Like Speaker Barbara Buckley, Horsford supports Gov. Jim Gibbons’ early application for a waiver from the requirement to restore many of the cuts in higher education.
“It would allow us flexibility to fund essential services in state government,” Horsford said. He added that he did not think the waiver would be granted before Nevada’s budget has to be completed.
While Gibbons, Buckley and Horsford support the waiver, higher education advocates have said it would mean many of the deep cuts Gibbons proposed would not be restored.
Horsford called that perception by higher education “unfortunate.”
Senate Majority Leader Harry Reid’s office sent a clear message Thursday, saying Reid does not support Gibbons’ request for a waiver.
With Lake Mead at its lowest recorded level and the Southwest facing continued drought, Southern Nevada Water Authority officials say they are going to spend hundreds of millions of dollars to keep water flowing to Las Vegas.
Officials told state lawmakers the authority will spend $817 million to drill a deeper hole to draw water from Lake Mead.
The authority is looking for water from other sources, including in eastern and central Nevada and Mexico, and at desalination. The authority also has spent $350 million to bank 1.2 million acre-feet of water underground in Arizona for emergencies.
Pat Mulroy, general manager of the water authority, and two deputies, Kay Brothers and Richard Wimmer, appeared before the Senate Committee on Natural Resources last week.
Despite the problem of finding enough water for Las Vegas, lawmakers had questions about the quality of the existing water.
“I talk to some people in different parts of the valley and some individuals think the water tastes horrible,” said Sen. David Parks, D-Las Vegas, the committee’s chairman.
The water is “very alkaline, a lot of calcium and magnesium in it,” Brothers said. “Chlorine is there for your health and safety. Personally I can’t taste it, but a lot of people don’t like the chlorine taste. If you leave it out on your counter and let the chlorine go off and then refrigerate it, it tastes as good as bottled water.”

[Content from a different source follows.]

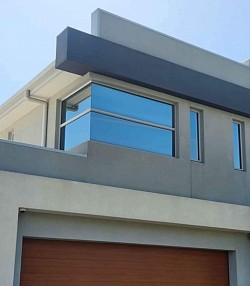 TMC Tinting commercial window tinting Sydney — reflective solar film on commercial building facade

When he dines out, Sen. Bob Coffin, D-Las Vegas, said he orders “Lake Mead water with a lemon” to soften the taste.
Customers don’t want to spend additional money to build a treatment plant to purify the water further when most of the water is used outside, Mulroy said.
Mulroy and Brothers praised the conservation efforts of Clark County residents. Annual water consumption dropped almost 21 billion gallons from 2002 to 2008 despite an increase of 400,000 in population. Gallons used per person per day have fallen from 347 in 1990 to 249 in 2008. The authority has set a goal of 199 gallons by 2035.